„Textilien werden nicht wertgeschätzt“

Zum Schutz des kollektiven Eigentums von Textilien und Kleidung der Maya

Interview mit Angelina Aspuac von Sandra Monterroso

Im Jahr 2014 präsentierte Angelina Aspuac zusammen mit einer Gruppe von Frauen aus Sacatepéquez, wo sie herkommt, im Kongress einen Gesetzentwurf zum Schutz guatemaltekischer Textilien, um klarzumachen, dass die Handwerkerinnen diejenigen sind, die am wenigsten an ihrer traditionsreichen Arbeit verdienen. Am 27. Mai 2019 erschienen mehr als 250 Frauen aus der Weberinnenbewegung bei der öffentlichen Anhörung im Gerichtsverfahren gegen das guatemaltekische Tourismusinstitut (INGUAT), wegen der Folklorisierung und Kommerzialisierung der Bilder von indigenen Frauen und ihres Lebens. Das von dieser Gruppe vorgelegte Kommuniqué wies darauf hin, dass Foklorisierung als Ausdruck von Rassismus eine Form der Gewalt gegen indigene Frauen ist.

S.M.: Wie können wir bei Produkten, die mit Maya-Textilien hergestellt wurden, ein Plagiat erkennen?

A.A.: Diejenigen von uns, die diese Plagiate aufspüren, sind die Frauen, die in den Dörfern leben, denn wir kennen als Weberinnen die Technik, wir haben die Textilien von Generation zu Generation in jeder Gemeinde hergestellt.
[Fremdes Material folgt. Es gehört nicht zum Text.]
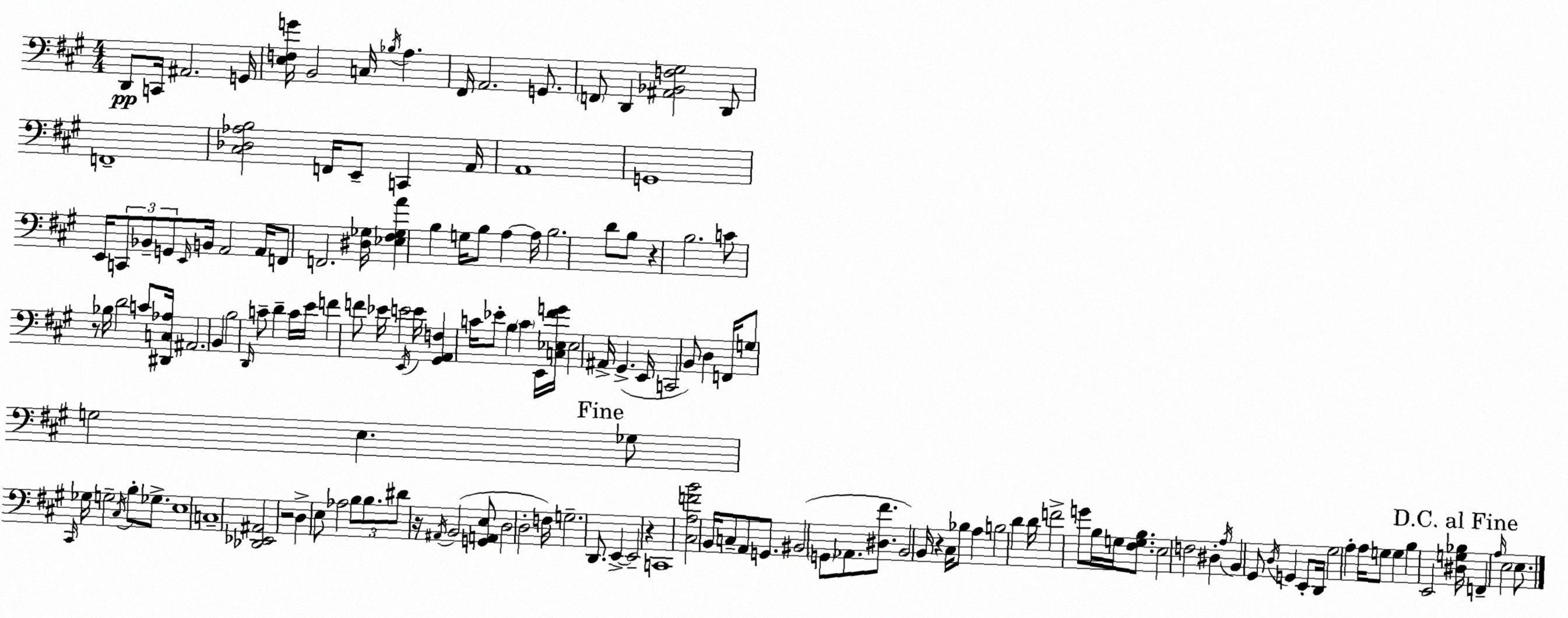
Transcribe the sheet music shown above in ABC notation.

X:1
T:Untitled
M:4/4
L:1/4
K:A
D,,/2 C,,/4 ^A,,2 G,,/4 [E,F,G]/4 B,,2 C,/4 _B,/4 A, ^F,,/4 A,,2 G,,/2 F,,/2 D,, [^A,,_B,,F,^G,]2 D,,/2 F,,4 [^C,_D,_A,B,]2 F,,/4 E,,/2 C,, A,,/4 A,,4 G,,4 E,,/4 C,,/2 _B,,/2 G,,/2 E,,/4 B,,/4 A,,2 A,,/4 F,,/2 F,,2 [^D,_G,]/4 [_E,^F,_G,A] B, G,/4 B,/2 A, A,/4 B,2 D/2 B,/2 z B,2 C/2 z/2 _B,/4 D2 C/2 [^D,,C,_A,]/4 ^A,,2 B,, B,2 D,,/4 C/2 D C/4 E/4 F F/2 _E/4 E2 E,,/4 E/4 [^G,,A,,F,] C/4 _E/2 B, C E,,/4 [C,_E,^FG]/4 _E,2 ^A,,/4 ^G,, E,,/4 C,,2 B,,/2 D, F,,/4 G,/2 G,2 E, _G,/2 ^C,,/4 _G,/4 G,2 ^C,/4 B,/2 _G,/2 E,4 C,4 [_D,,_E,,^A,,]2 z2 D, E,/2 _A,2 B,/2 B,/2 ^D/2 z/4 ^A,,/4 B,,2 [G,,A,,E,]/2 D,2 D,2 F,/4 G,2 D,,/2 E,, E,,2 z C,,4 [^C,A,FB]2 B,,/4 C,/2 A,,/2 G,,/2 ^B,,2 G,,/2 _A,,/2 [^D,^F]/2 B,,2 B,,/4 z ^C,/4 _B,/2 A, B,2 D D/4 F2 G/2 B,/4 G,/4 [^F,G,B,]/2 E,2 F,2 ^D, A,/4 B,, ^G,,/2 D,/4 G,, E,,/2 D,,/4 ^G,2 A, A,/4 G,/2 G, B, E,,2 [^D,G,_B,]/4 F,, A,/4 E,2 E,/2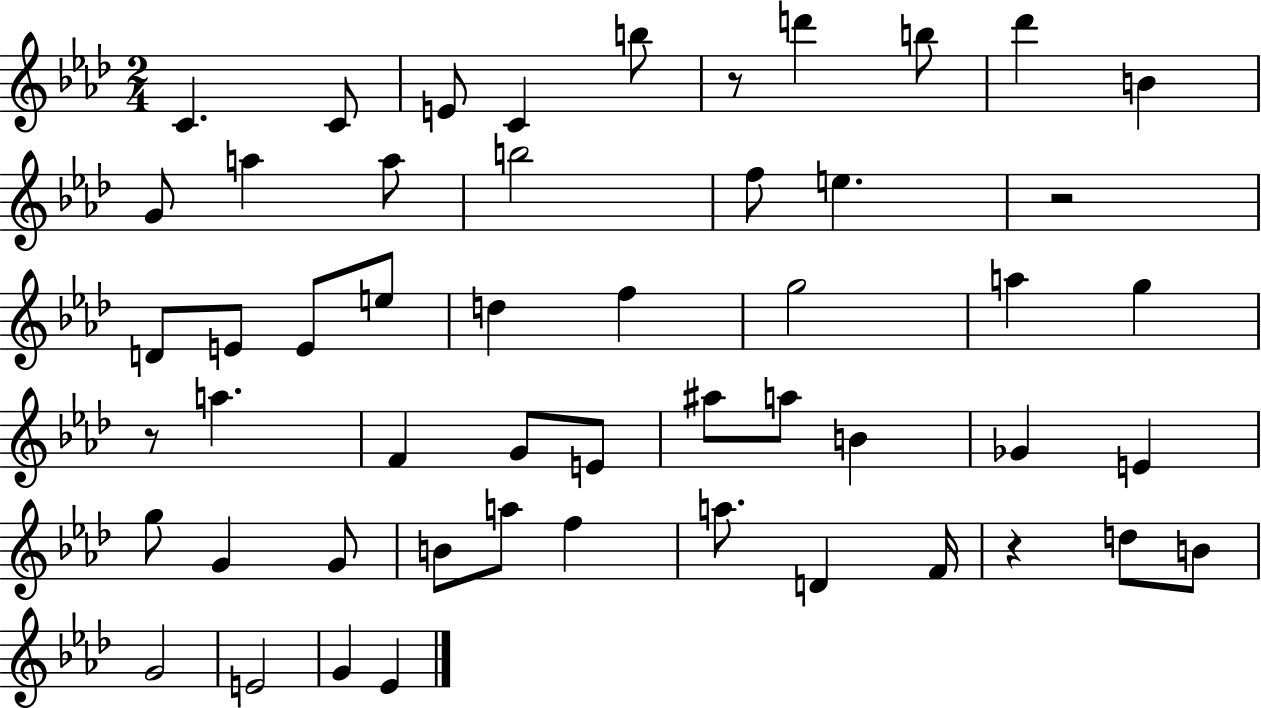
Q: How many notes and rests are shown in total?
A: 52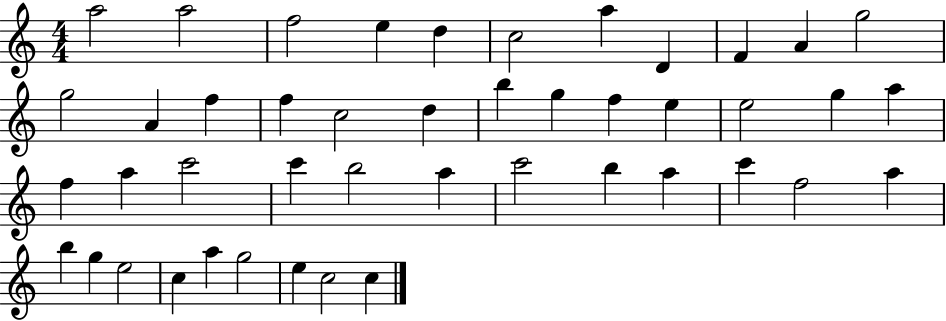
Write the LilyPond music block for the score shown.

{
  \clef treble
  \numericTimeSignature
  \time 4/4
  \key c \major
  a''2 a''2 | f''2 e''4 d''4 | c''2 a''4 d'4 | f'4 a'4 g''2 | \break g''2 a'4 f''4 | f''4 c''2 d''4 | b''4 g''4 f''4 e''4 | e''2 g''4 a''4 | \break f''4 a''4 c'''2 | c'''4 b''2 a''4 | c'''2 b''4 a''4 | c'''4 f''2 a''4 | \break b''4 g''4 e''2 | c''4 a''4 g''2 | e''4 c''2 c''4 | \bar "|."
}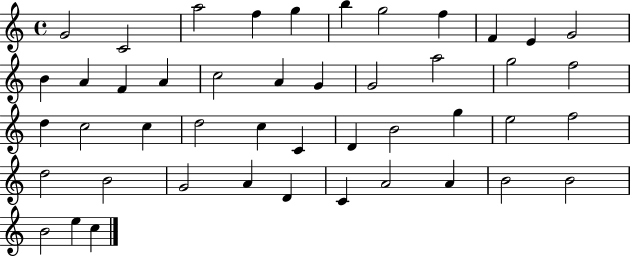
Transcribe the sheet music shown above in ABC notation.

X:1
T:Untitled
M:4/4
L:1/4
K:C
G2 C2 a2 f g b g2 f F E G2 B A F A c2 A G G2 a2 g2 f2 d c2 c d2 c C D B2 g e2 f2 d2 B2 G2 A D C A2 A B2 B2 B2 e c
Es gibt vor allem bei den Handstickereien der Huipiles [bestickte Oberteile, vor allem von Frauen getragen, Anm.d.Übers.] Plagiate, weil sie sich leicht auf maschinell bestickten Stoffen reproduzieren lassen. Wir haben Kopierversuche von Huipiles-Kreuzstichen in San Antonio Aguas Calientes, Tecpan, San Juan Comalapa u.a. entdeckt. Wir können jedoch den Unterschied zwischen einem Stoff, der mit der Hand bestickt wurde, und einem Stoff, der leicht mit der Maschine bestickt wurde, erkennen, man sieht es am Gewebe, es ist härter und hat auf der Rückseite einen Stoff, man sieht, wie die Maschine näht. Außerdem benutzen die Unternehmen den Abfall von originalen, gebrauchten und sogar antiken und zeremoniellen Textilien, um sie zu verschiedenen Gegenständen wie Gürteln, Taschen und Schuhen zusammenzustellen, die wir in Flughafenshops oder in Touristenläden sehen können.
Dies ist eines der großen Themen der Weberinnenbewegung, denn Textilien werden nicht wertgeschätzt: Es ist schwierig und dauert lange, einen Huipil herzustellen, wenn die Weberinnen zu den tatsächlichen Kosten des Produktionswertes verkaufen müssten, wäre es teuer, sehr teuer. Normalerweise sind es wir Maya-Frauen selbst, die diese Huipiles für den täglichen Gebrauch kaufen, aber es gibt viele Frauen, die aus der Not heraus gezwungen sind, ihre Huipiles, also ihr Erbe, sehr billig zu verkaufen.
Dann stellen die Firmen diese Produkte her und verkaufen sie sehr teuer, in Dollar, und das verursacht großen Schmerz. Sogar wir Maya-Frauen bezahlen die Weberinnen besser als ein Ausländer oder ein Geschäftsmann. Andererseits, wenn es sich um berühmte Firmen handelt, bestellen sie bestimmte Hupiles bei irgendeiner Weberin, aber sie zahlen trotzdem keinen fairen Preis. Ein fair bezahlter Huipil würde etwa 1.500 US-Dollar kosten.
Darüber hinaus gibt es noch Plagiate, die man „Sublimat“ nennt. Es ist ein Abdruck der Formen und Merkmale, die von einem Huipil kopiert und auf ein Tuch gedruckt wurden. Dann kaufen die Leute diese Stoffe und diese sehr billigen Huipiles und kaufen nicht mehr bei den Weberinnen. Es ist weder hilfreich noch fair gegenüber der Arbeit der Weberinnen. Es handelt sich um Unternehmen, die mit dem Plagiieren der Textilien Profit machen und die Weberinnen nicht um Erlaubnis bitten. Es gibt dort eine ethische Frage, die nicht gesehen wird, die Frage der Autorinnenschaft wird ignoriert.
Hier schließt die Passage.